A rumor circulates that they don't like each other, and the orchestra kids subtly pick sides. Verbal jabs get passed back and forth, and neither Kurt nor Blaine can figure out whether they are actually the originator of the comments or whether their friends are just fighting their battles for them.

They don't really talk to each other, but you could cut the frosty silence with a knife.

 

*

 

That summer, Blaine starts to show up outside during the evenings when Kurt hangs around the backyard, grilling dinner or practicing or sneaking cigarettes (it's an absolutely nasty habit that Kurt has picked up, and he fully intends to quit before the summer is over, but it's calming and he has been a ball of anxiety all of junior year).

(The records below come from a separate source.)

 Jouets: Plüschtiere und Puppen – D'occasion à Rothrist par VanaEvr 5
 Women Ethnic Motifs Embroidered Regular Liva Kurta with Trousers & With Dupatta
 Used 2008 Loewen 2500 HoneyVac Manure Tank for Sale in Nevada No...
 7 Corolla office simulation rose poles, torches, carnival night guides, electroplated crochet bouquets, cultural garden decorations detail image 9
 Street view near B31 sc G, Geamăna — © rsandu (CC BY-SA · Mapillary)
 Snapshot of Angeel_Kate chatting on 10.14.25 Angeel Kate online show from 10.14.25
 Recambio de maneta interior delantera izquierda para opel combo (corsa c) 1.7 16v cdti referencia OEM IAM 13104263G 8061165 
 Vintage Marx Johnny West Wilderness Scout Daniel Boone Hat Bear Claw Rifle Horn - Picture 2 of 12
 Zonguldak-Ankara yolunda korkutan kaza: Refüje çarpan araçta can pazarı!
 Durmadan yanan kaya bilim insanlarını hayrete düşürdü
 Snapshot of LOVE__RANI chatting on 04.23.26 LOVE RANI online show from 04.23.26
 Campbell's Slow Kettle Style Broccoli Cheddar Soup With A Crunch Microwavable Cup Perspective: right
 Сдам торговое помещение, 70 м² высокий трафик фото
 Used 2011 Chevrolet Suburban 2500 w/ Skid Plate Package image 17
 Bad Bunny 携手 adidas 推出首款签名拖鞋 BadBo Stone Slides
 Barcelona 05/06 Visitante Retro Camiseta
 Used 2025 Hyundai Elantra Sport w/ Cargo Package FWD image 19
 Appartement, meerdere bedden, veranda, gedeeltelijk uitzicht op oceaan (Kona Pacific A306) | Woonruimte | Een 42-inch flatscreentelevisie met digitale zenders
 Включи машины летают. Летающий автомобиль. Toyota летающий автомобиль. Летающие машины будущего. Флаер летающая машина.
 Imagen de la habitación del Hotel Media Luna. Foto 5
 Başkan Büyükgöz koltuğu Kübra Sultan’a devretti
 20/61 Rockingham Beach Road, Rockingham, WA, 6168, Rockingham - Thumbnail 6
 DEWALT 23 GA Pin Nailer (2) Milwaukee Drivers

At one point, Blaine peeks over the fence between their yards and calls out, "That smells really good."

Kurt is flipping a citrus-marinated turkey breast on the grill. He freezes; he can't remember the last time they'd spoken kindly to each other.

"Inviting yourself over?" he calls back, none too bitchily.

"Maybe," Blaine answers, smiling. He has a glass in his hand of what looks like iced tea. "Can we talk?"

Kurt may be a bitch, but he also can't get Blaine out of his head, and maybe this will help. Maybe if they talk--

Blaine slides in through the gate and walks across the yard. He offers a second glass of iced tea and Kurt takes it, nodding a thanks.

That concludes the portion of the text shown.